Examples and EXPLAIN (ANALYZE, DIST)

When you use EXPLAIN (ANALYZE, DIST), it will display the number of write operations being buffered as Storage Write Requests and the number of flushes as Storage Flush Requests. This information is shown for each operation and can be compared to the number of rows identified as Actual rows=. It's crucial to ensure that queries writing many rows are not causing row-by-row flushes, as each flush can be a network call.

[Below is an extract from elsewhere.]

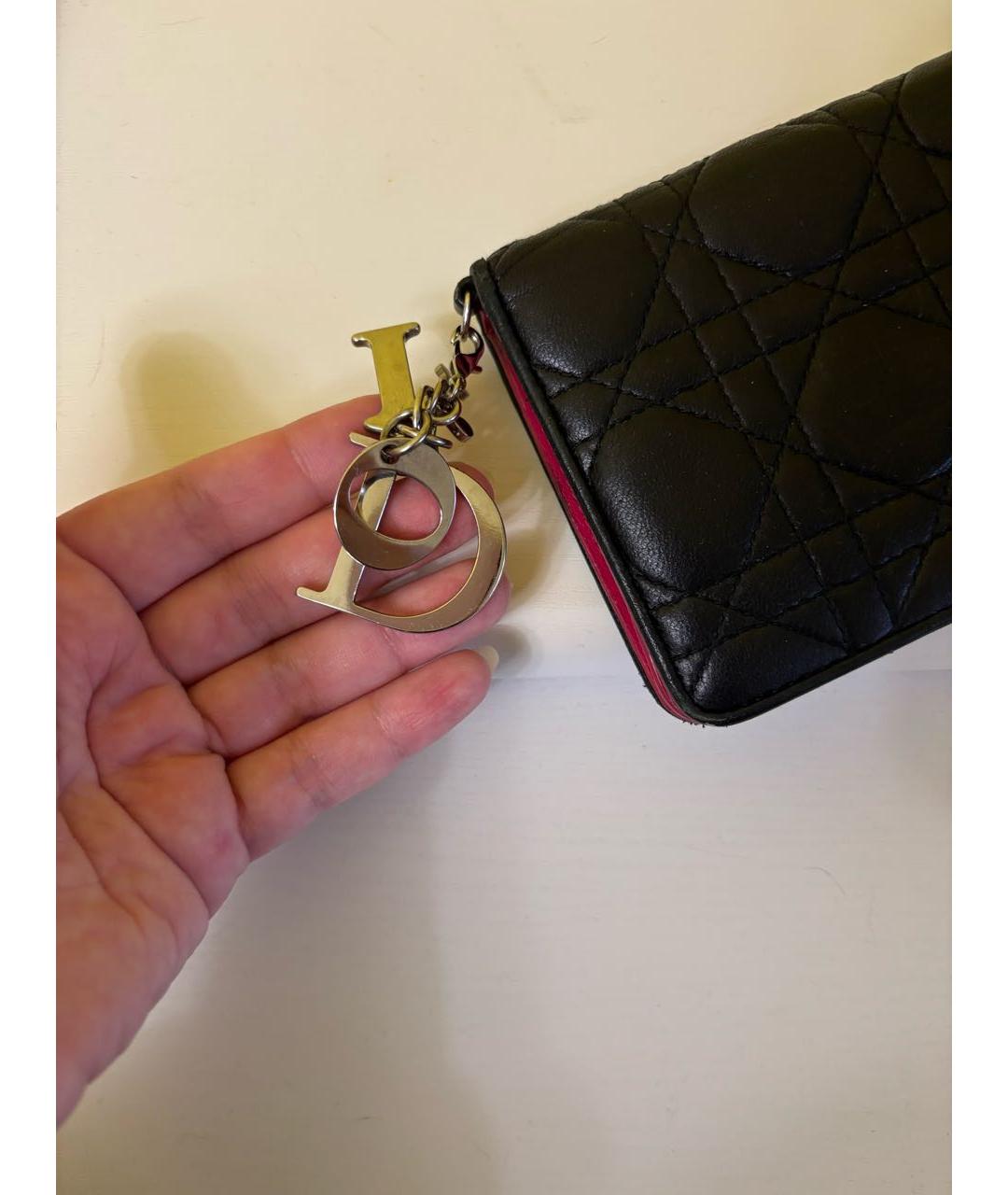 CHRISTIAN DIOR Черный кожаный кошелек, фото 6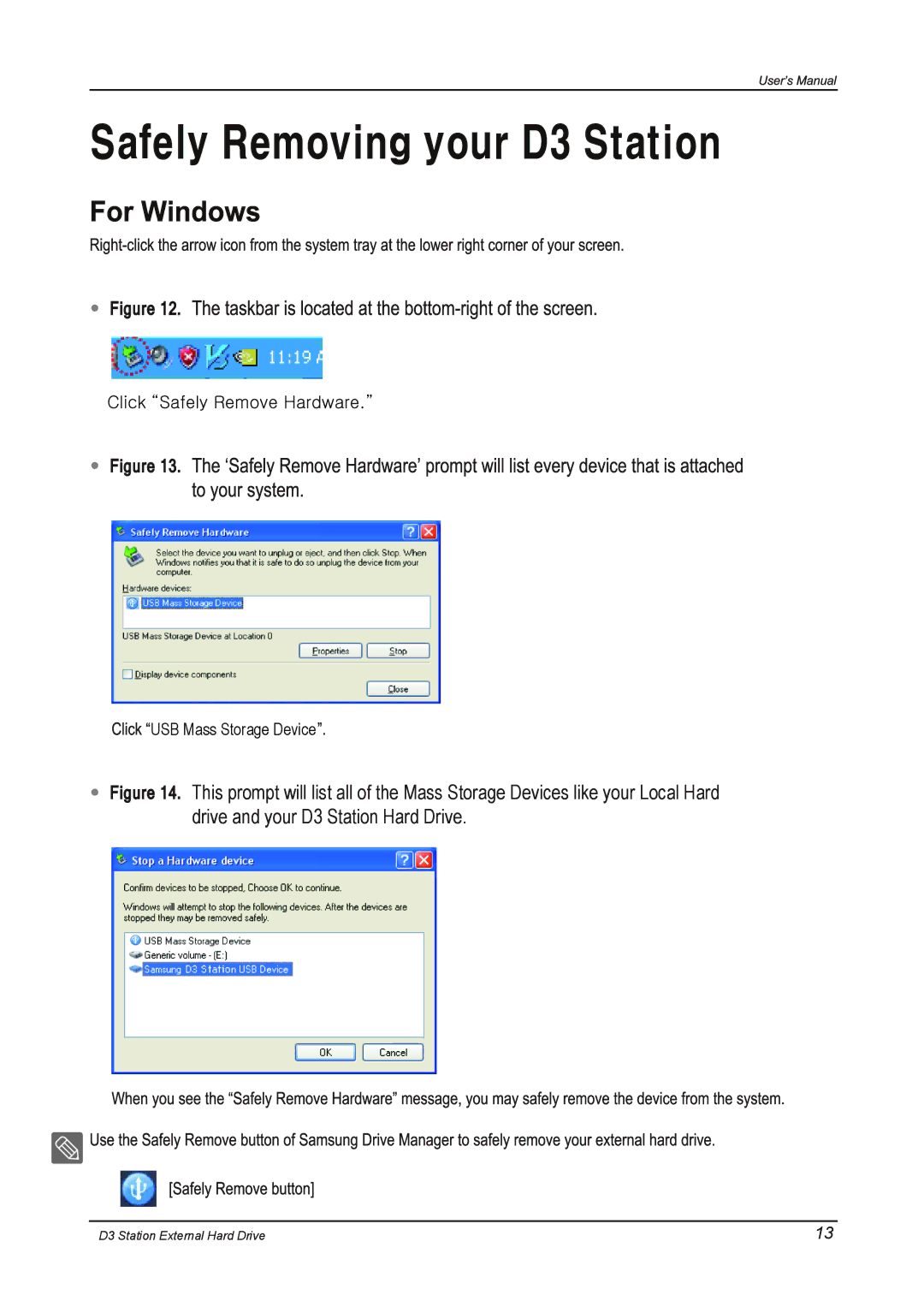 Seagate STSHXD301TDB manual Safely Removing your D3 Station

I create a table and insert a hundred thousand rows:

yugabyte=# create table demo (id bigserial, a int, b int, c int);
CREATE TABLE

yugabyte=# explain (analyze, dist, costs off)
 insert into demo (a,b,c) select 0,0,0 
 from generate_series(1,100000)
;

                                        QUERY PLAN
-------------------------------------------------------------------------------------------
 Insert on demo (actual time=3589.386..3589.386 rows=0 loops=1)
   ->  Function Scan on generate_series (actual time=10.653..2426.924 rows=100000 loops=1)
 Planning Time: 0.053 ms
 Execution Time: 3619.362 ms
 Storage Read Requests: 0
 Storage Rows Scanned: 0
 Storage Write Requests: 100000
 Catalog Read Requests: 11
 Catalog Read Execution Time: 5.948 ms
 Catalog Write Requests: 0
 Storage Flush Requests: 33
 Storage Flush Execution Time: 27.559 ms
 Storage Execution Time: 33.508 ms
 Peak Memory Usage: 4790 kB

Enter fullscreen mode Exit fullscreen mode

The explain (analyze, dist) shows 33 flush requests due to the buffering size. This is acceptable as a flush occurs every 3072 rows, and not all wait on the network, which allows 10,000 in-flight operations.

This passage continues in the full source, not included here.